宮本のゴルフについて、一緒に回った横田真一は「安全運転。無理を一個もしていないで8アンダーだからね」と舌を巻く。その意味を宮本に聞くと「横田さんがセーフティと言っていただけで、僕の中でセーフティというつもりはないんです。ボールを打つ作業でスイングスピードを落としたり、強引には行かなかったり。調子が良くないから、前のめりになるというか、手綱をしっかり引いて、オーバーペースにならないようにとか、そっちばっかり気を付けていました」と説明する。
ショットが上手くいかない中でも、卓越したコースマネジメントで宮本が優勝するシーンをこれまでに何度も見てきた。今日のような1打1打を「より大事に丁寧に打つ」ゴルフができれば、今季3勝目が近くなるはずだ。

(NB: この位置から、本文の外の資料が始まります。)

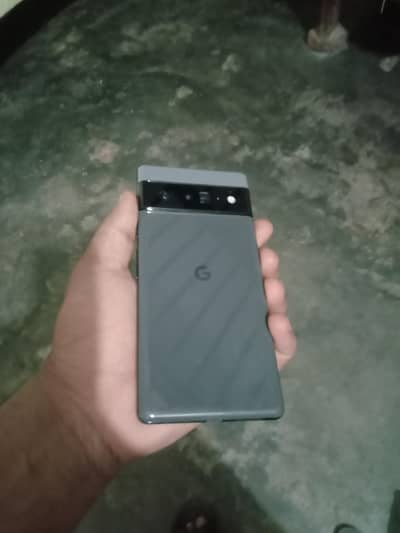 I am selling my pixel  6pro. penal  change+dot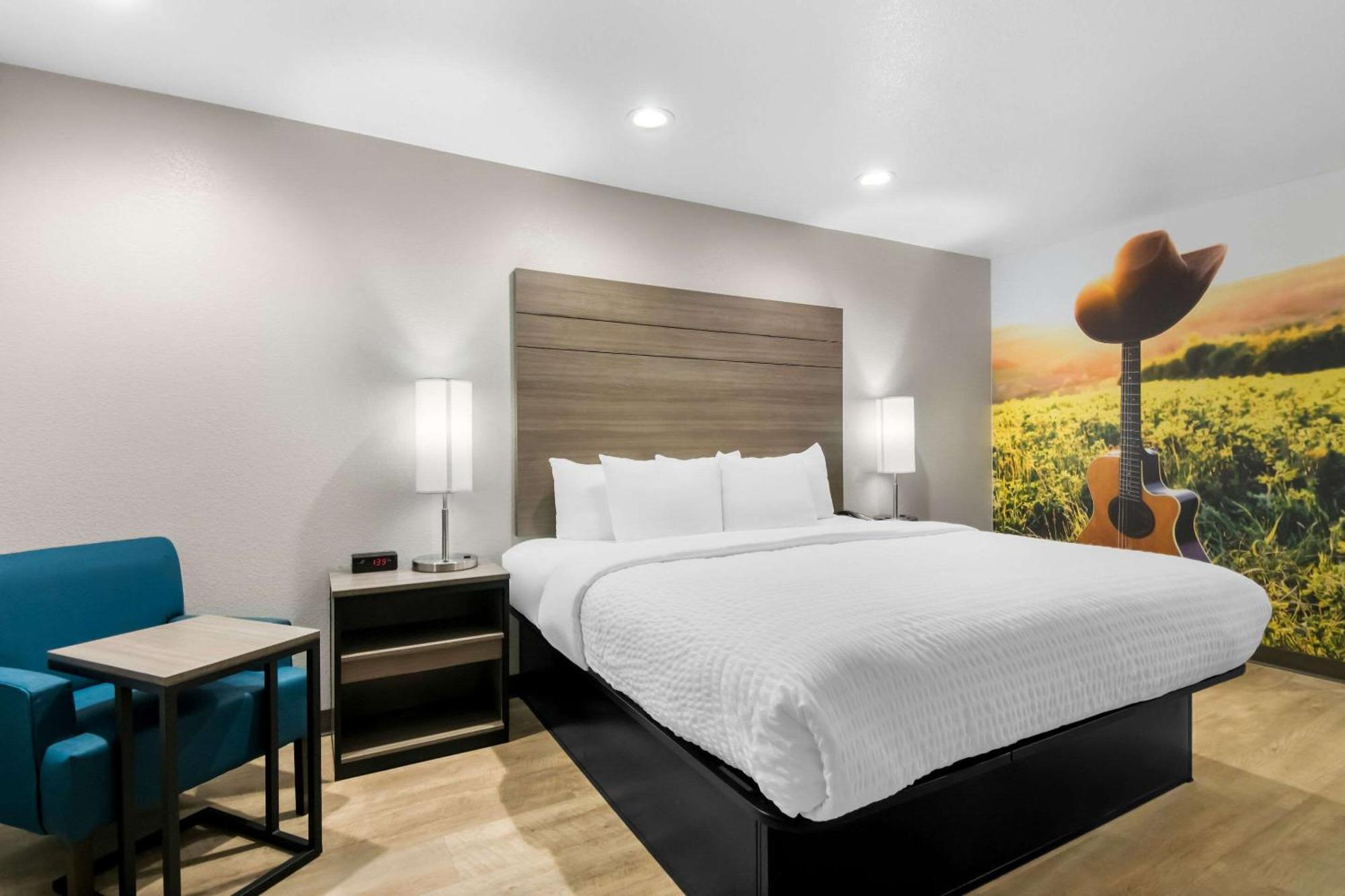 Clarion Pointe Hotel Fort Worth Exterior photo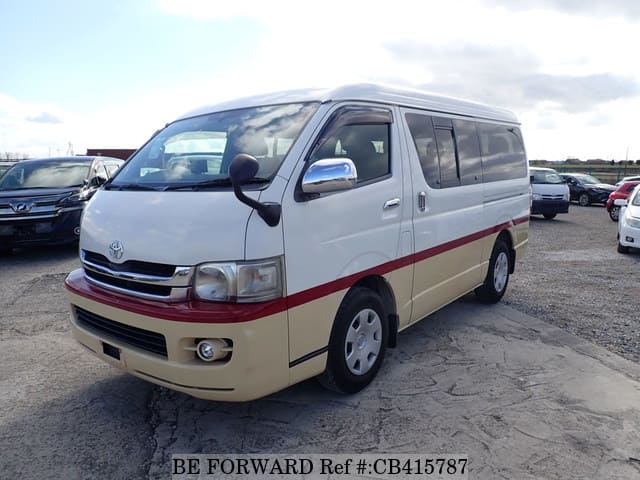 A grey JDM sports car speeding down a highway at night.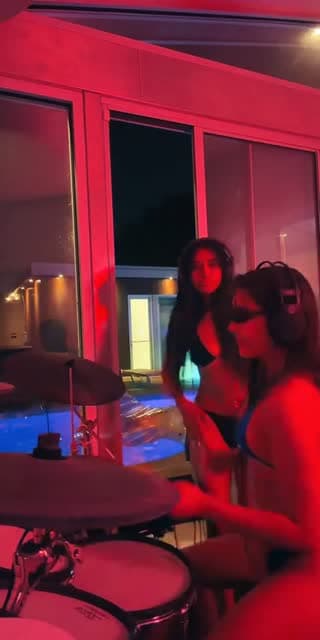 @cakeddupcaitt TikTok live stream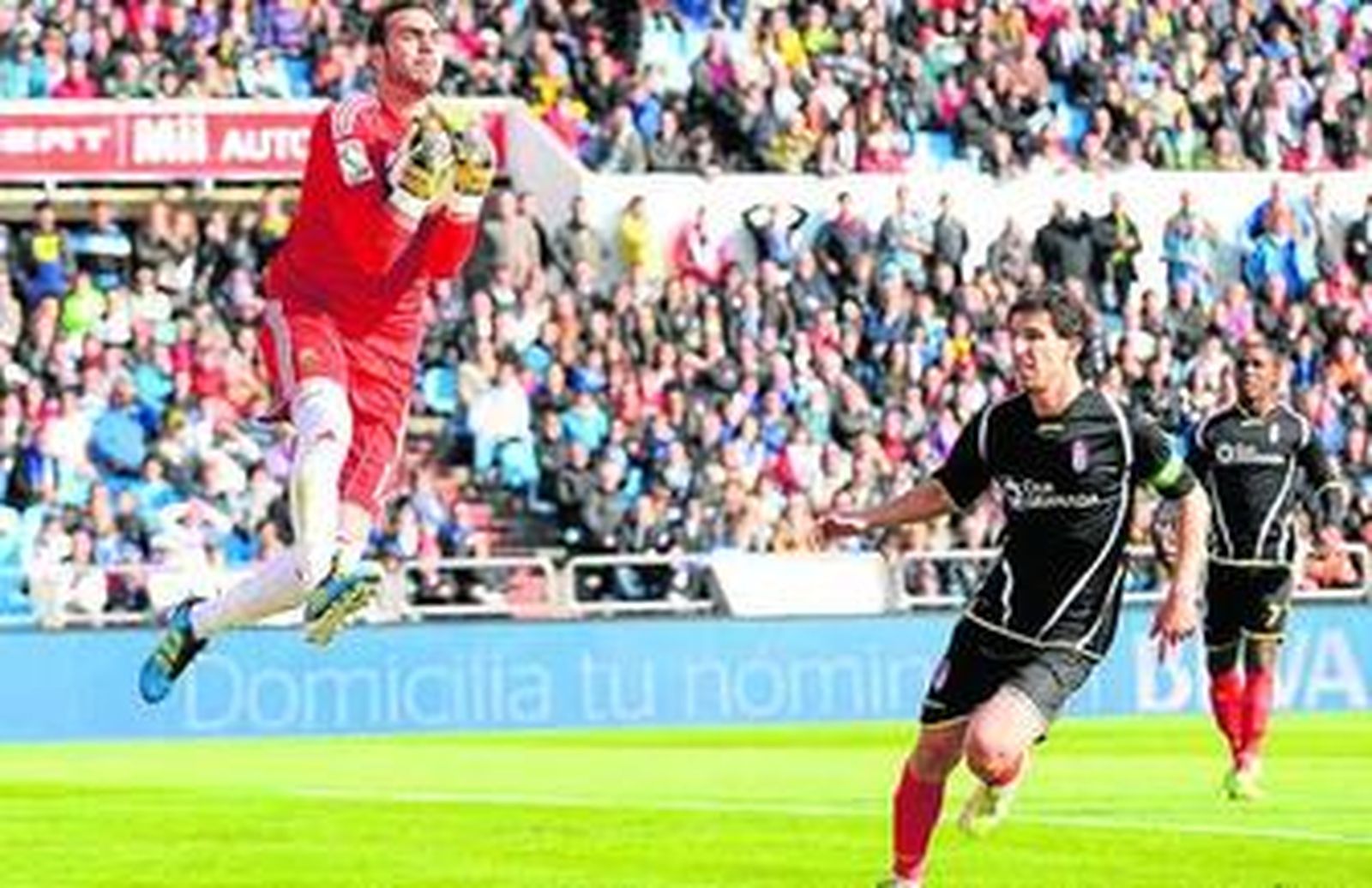 Los postes tuvieron más trabajo que Roberto ayer.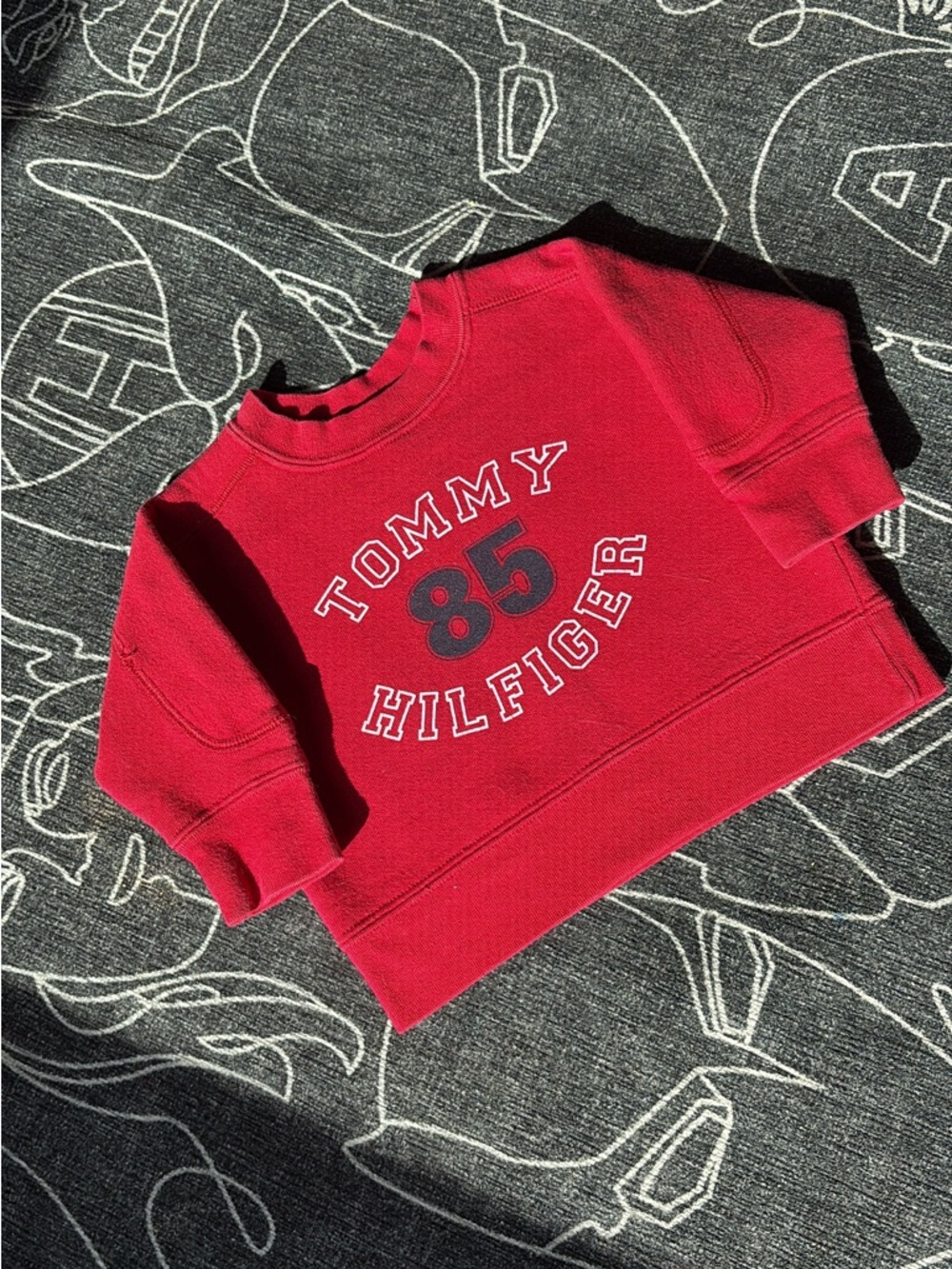 Vintage Tommy Hilfiger Kids Red '85' Crewneck Sweatshirt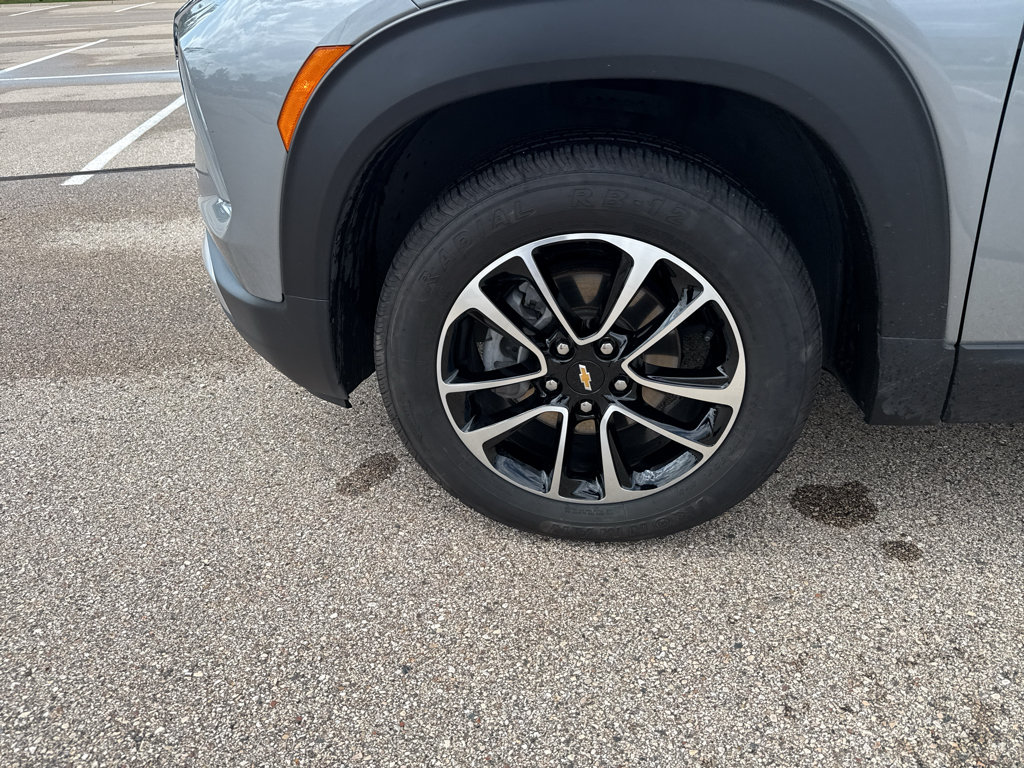 Used 2025 Chevrolet TrailBlazer LT AWD/4WD image 8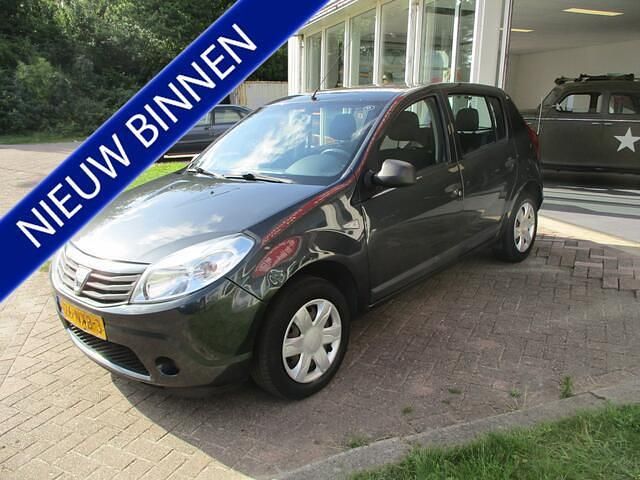 Grijs Gebruikt 2010 Dacia Sandero Ambiance Hatchback | € 2.660 (Eerlijke prijs) - Afbeelding 1/4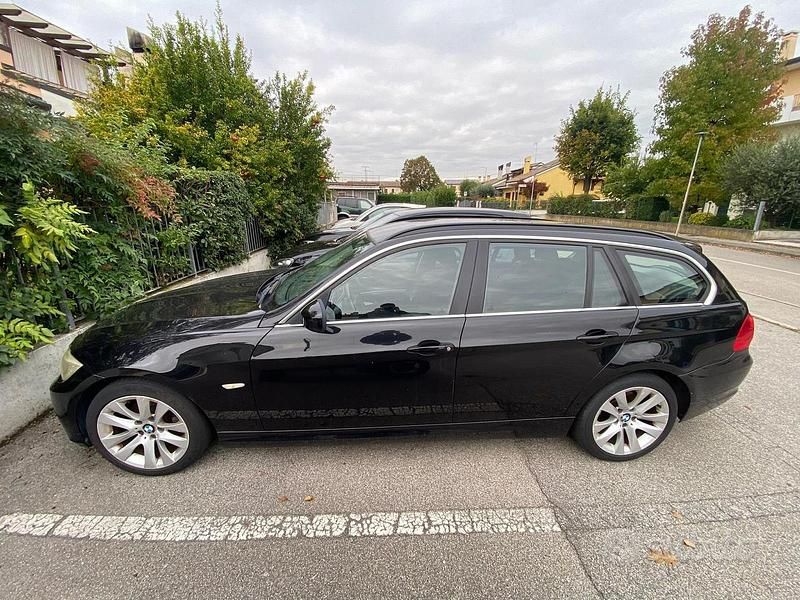Nero Usata 2011 BMW 320 Station wagon | 3700 € (Super prezzo) - Immagine 1/4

■6アンダー・2位タイ 岩本高志(現在賞金ランク1位)
(ルーキーシーズンで初めてのコースが多いが)練習ラウンドでしっかりコースチェックしているので、それが生きています。
先週の(日本プロシニア)の最終日は(75で)本当に悔しい思いをしたので、ショットの修正はできたかなとは思います。
残り2日間も伸ばさないといけないと思うので、しっかり取れるところを取って、我慢できるところは我慢してというプレーをしたいです。


■6アンダー・2位タイ 平塚哲二(前年覇者)
宮本は8アンダー? すごいな。
(5アンダーの)前半はスッといけたんですけど、(1アンダーの)後半はティショットがいまいち良くないし、ショット全体が良くなかった。アイアンもブレていましたね。今から少し調整します。
明日(2日目)いい位置にいたら頑張ろうと思います。そうじゃなくても頑張りますけどね(笑)。OBを打たなかったらいけると思います。


■5アンダー・5位タイ 寺西明
まさかの腰痛で棄権する一歩手前。今も痛いんですけど、スイングで無理せずゆっくり回ったら良い感じでした。
でも痛みで左足上がりとかツマ先上がりのライは打てないので、そこはちょっと苦労しました。
先週の日本プロ(6位タイ)、その前の日本オープン(8位)と調子が上がってきているので、今週は狙っている。
当然勝ちに来ています。腰がこんな状態なので、治療して明日に備えます。